Healthcare professionals must understand why these events transpired in the first place. In this regard, event-reporting systems are critical tools. They enable healthcare professionals to identify and catalogue the contributing factors that lead to incidents, and frequently detail with great accuracy why they occurred without the requirement of time and expense of a more formal, root-cause analysis.
When captured in a structured taxonomy, incidents can be aggregated and prioritized for performance improvement. Because errors and adverse events occur relatively frequently in healthcare, no organization can afford to maintain resources that target them all for improvement at one time. But organizations can efficiently and effectively learn and improve by prioritizing their efforts after reviewing their data.

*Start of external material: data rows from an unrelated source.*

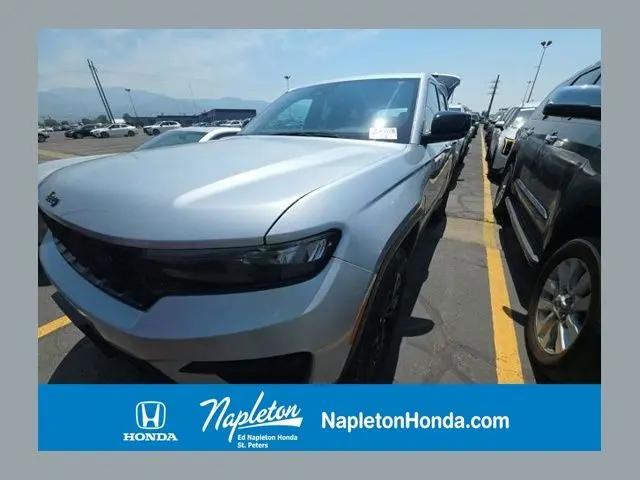 2024 Jeep Grand Cherokee Altitude 4x4 for sale in St. Peters, MO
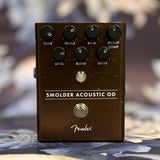 Fender Smolder Acoustic OD Used
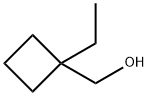 (1-ethylcyclobutyl)Methanol Structure
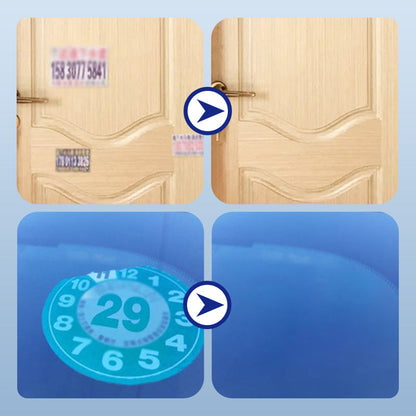 Spray do usuwania kleju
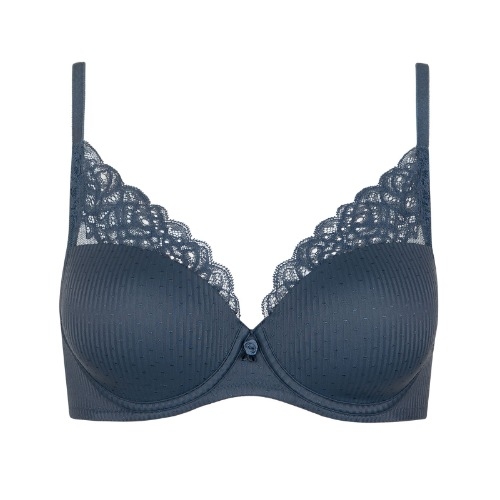 Lisca Delightful bleu soutien-gorge rembourré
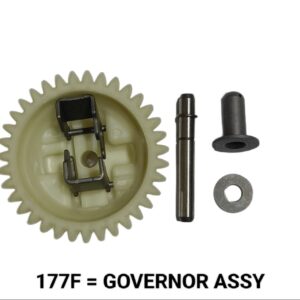 GOVERNOR ASSY 177F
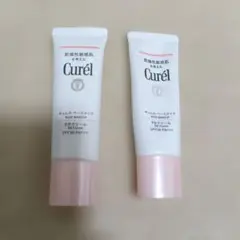 キュレル　ベースメイクBBクリーム　二本セットのサムネイル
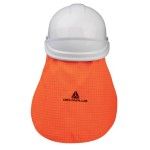 Proteção de Nuca NECKALPHA DeltaPlus para Capacete Proteção de Nuca NECKALPHA DeltaPlus para Capacete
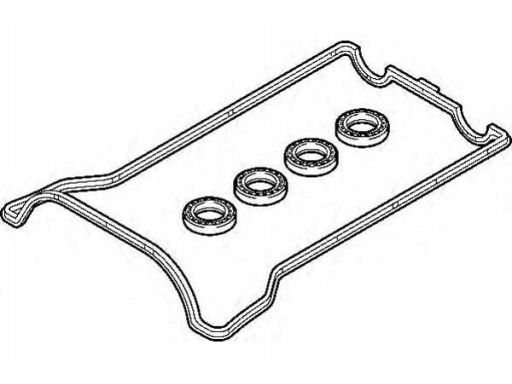 899.917 Zestaw Uszczelek Pokrywy Zaworów Elring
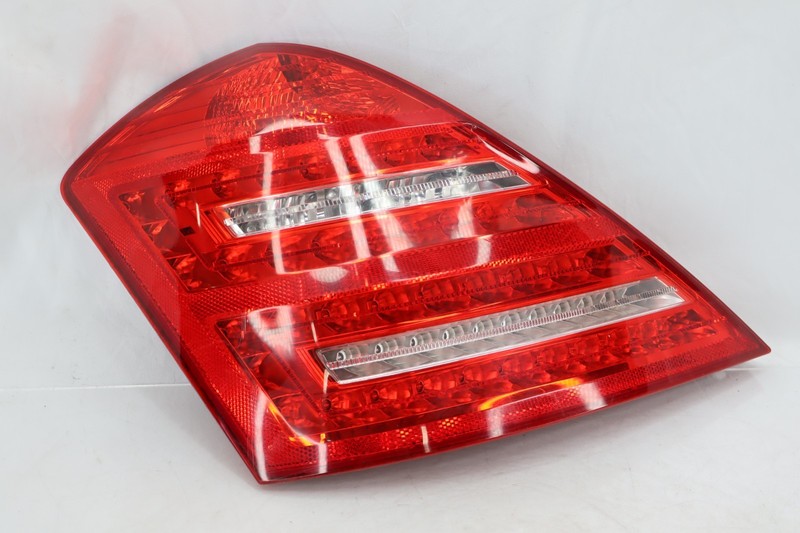 ✅ 10-13 Mercedes W221 S400 S550 S350 Left Driver Side Tail Light Lamp OEM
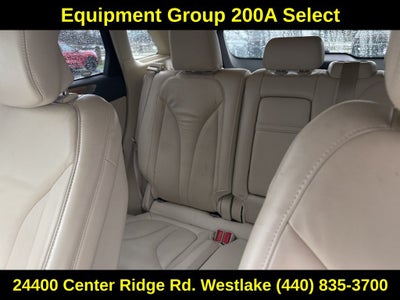 2016 Lincoln MKC Select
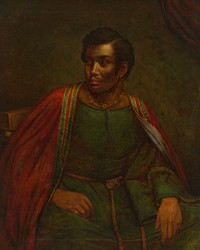 Ira Aldridge as Othello by Henry Perronet Briggs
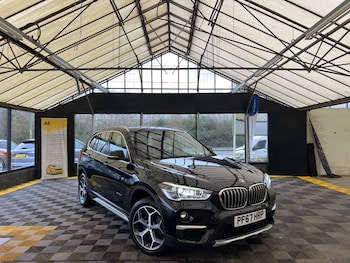 Used BMW X1 2017 for sale - 77535059: Photo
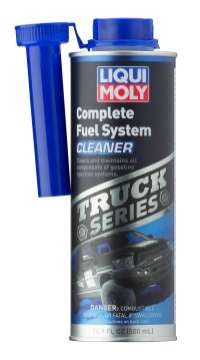 Picture of LIQUI MOLY 500mL Truck Series Complete Fuel System Cleaner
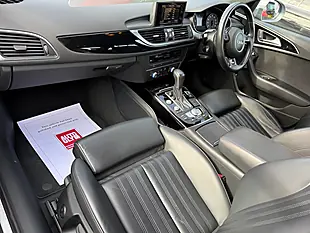 Used 2016 Audi A6 Saloon S Line Grey - Interior and Exterior details 13
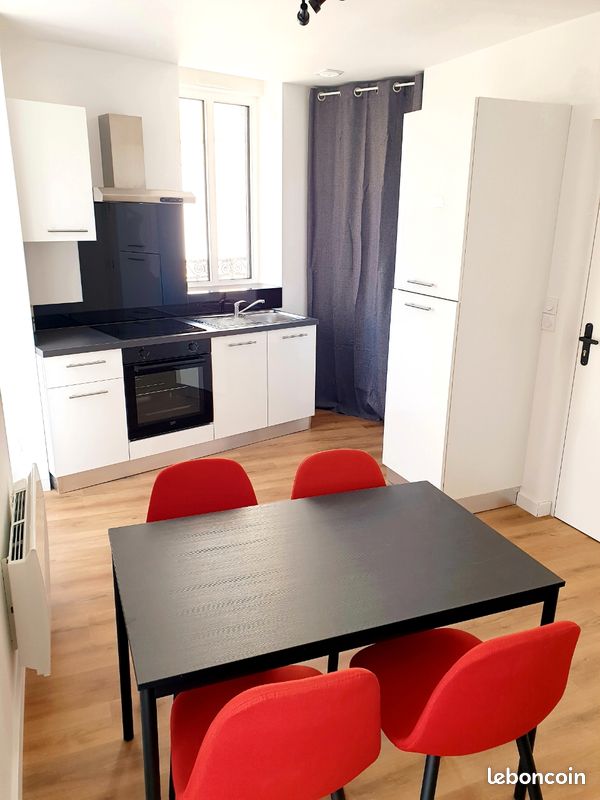 Appartement 2 pièces 38 m² · à Agen · 38 m² · 550 €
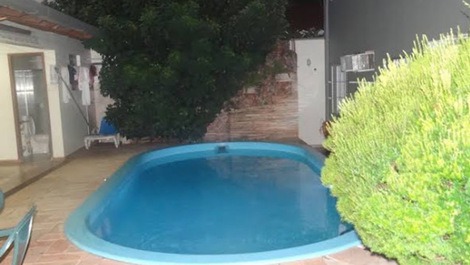 Piscina privativa 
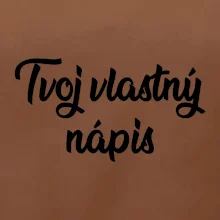 Tvoj vlastný nápis písací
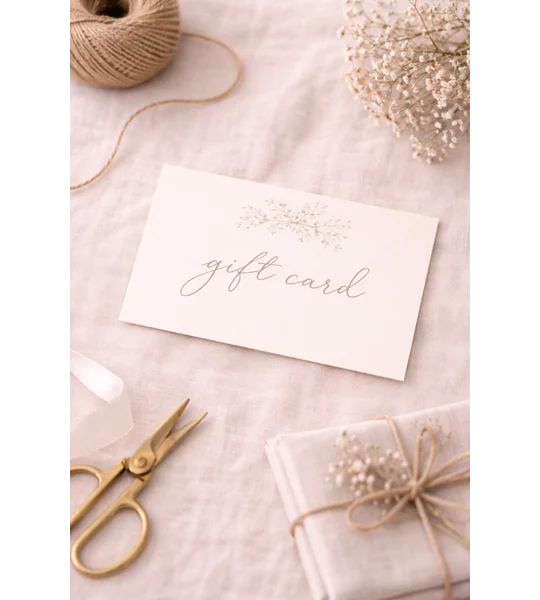 Gift Cards
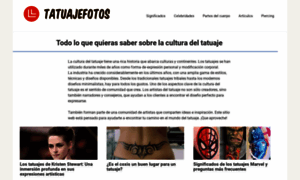 Tatuajefotos.com thumbnail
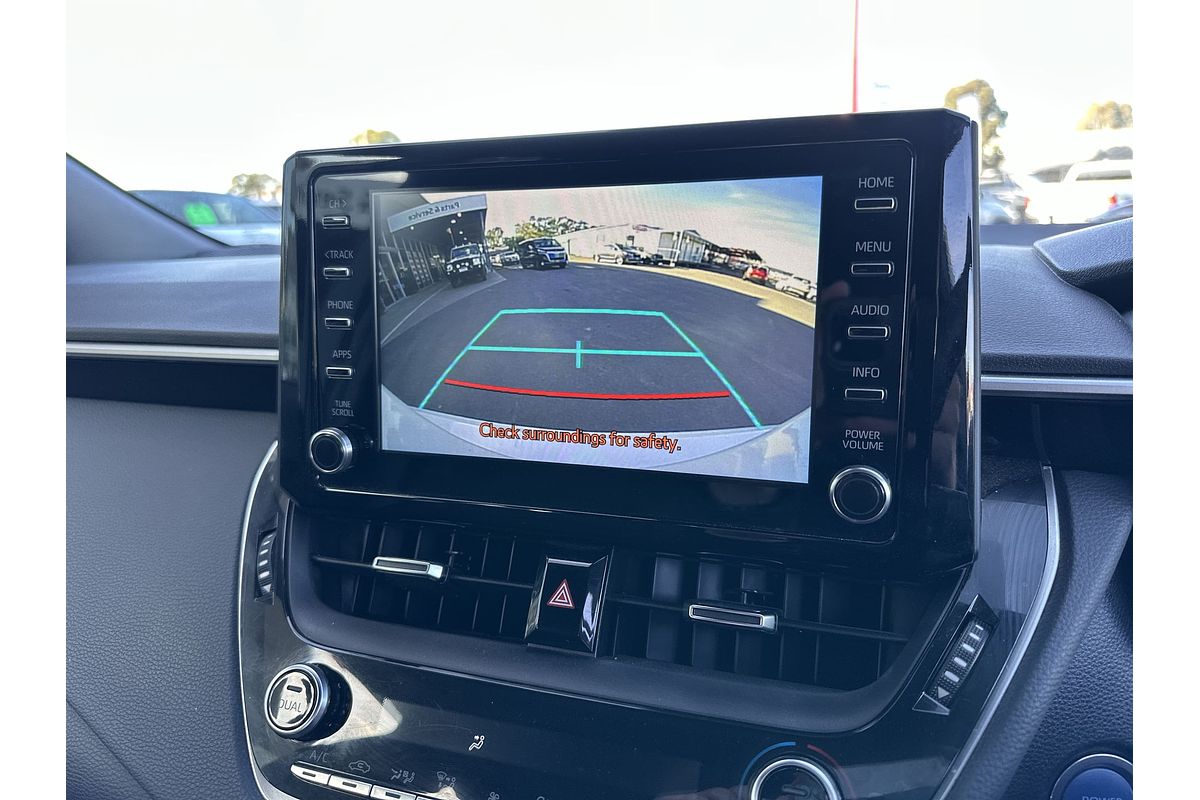 2022 Toyota Corolla Ascent Sport Hybrid ZWE211R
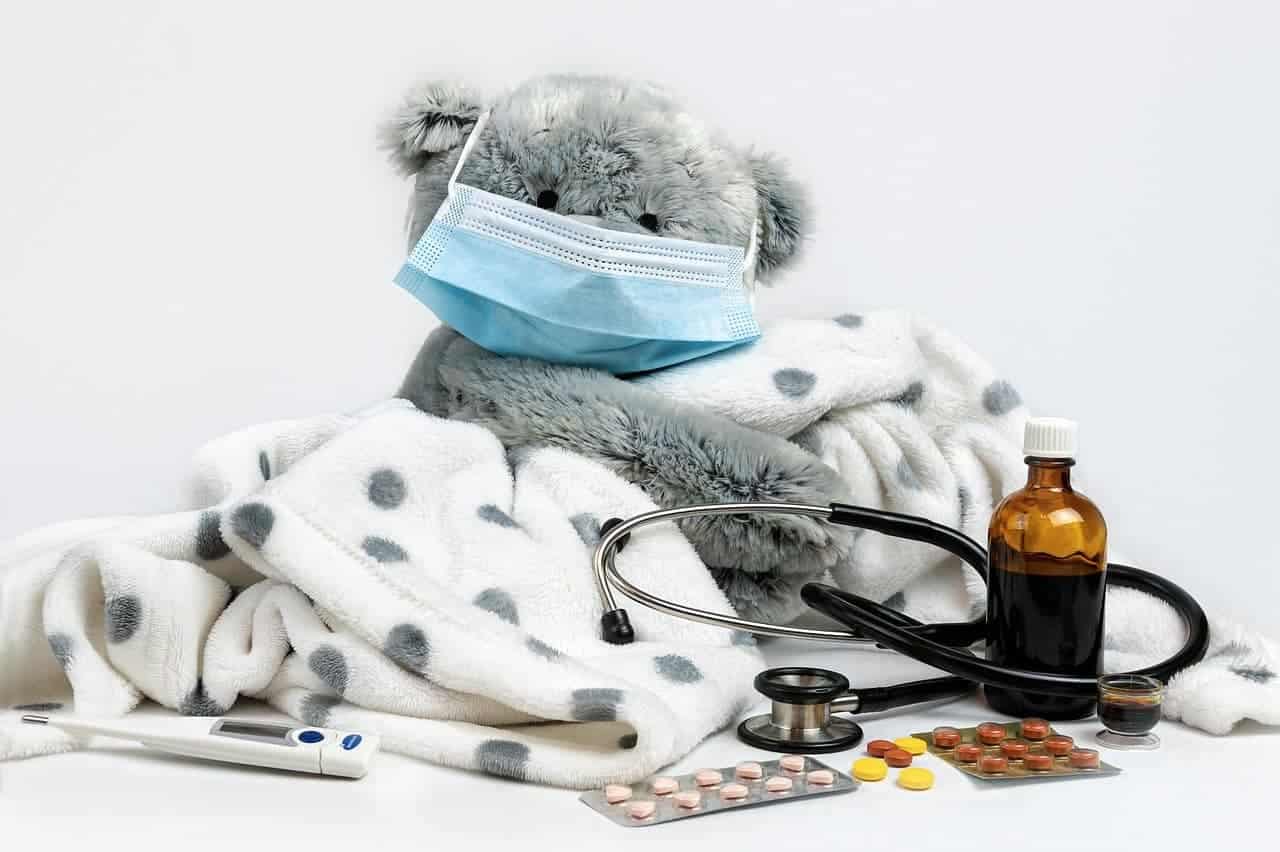 High Risk Severe Illness for Getting and Spreading COVID-19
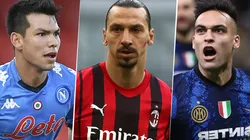 Tabla de posiciones de la Serie A de Italia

If It Can’t Be Measured, It Can’t Be Improved
In order to unlock the value-based healthcare and make improvements, there must be a commitment to measuring a minimum set of outcomes for every major medical condition and standardizing them. Information technology vendors are creating software solutions to automate outcomes data collection and aggregation and embedding the standard sets into electronic medical records. A data platform to allow voluntary provider benchmarking and learning on a condition-by-condition basis is under development. Determining standard sets of outcomes for each medical condition is a practical and necessary step for accelerating value improvement in healthcare.4
As more employers, health plans and government purchasers begin implementing value-based, payment models, quality and safety risk management solutions will play an integral role in helping to align physician and hospital bonuses and penalties with cost, quality and outcomes measures.5 With the widespread use of healthcare information technology (HIT), the healthcare data that providers require to track patient care are now readily available.6 Episodes of care, where measurement complexity is most sensitive, require the most sophisticated systems to track and measure.
Fortunately, episode evaluation systems exist that can span the entire continuum of patient care. Unlike traditional, encounter-based systems, these systems have the capacity to capture all clinically related encounters and assign them to a single episode of illness regardless of care setting, allowing providers and purchasers to accurately compare the total cost and utilization of medical services against peer groups, national norms and best practices. This gives providers the power to measure what matters using meaningful and reliable information for assessing the integrated delivery of cost-effective care.
Looking Down the Road
The destination continues to be reliable assessment and reporting of clinical quality and patient safety, and the journey has just begun. Progress has perhaps been slower than expected, but there is no turning back. In the name of safe, high-quality healthcare for all, healthcare organizations, government, academics and vendors must all join together to assure that this is an expedition worthy of everyone. After all, everyone is a patient or will be one someday.
1 Kohn LT, Corrigan JM, Donaldson MS (Ed.). “To Err Is Human. Building a Safer Health System.” National Academies Press. November 1999.
2 Hughes RG. “Patient Safety and Quality: An Evidence-Based Handbook for Nurses.” Agency for Healthcare Research and Quality. April 2008.
3 Ibid.
4 Porter ME, Larsson S, et al. “Standardizing Patient Outcomes Measurement.” New England Journal of Medicine. 2016;374:504-506.
5 Gerhardt W, Korenda L, et al. ”The Road to Value-Based Care.” Deloitte University Press. March 20, 2015.
6 Better, Smarter, Healthier: In Historic Announcement, HHS Sets Clear Goals and Timeline for Shifting Medicare Reimbursements From Volume to Value.” HHS.gov. Jan. 26, 2015.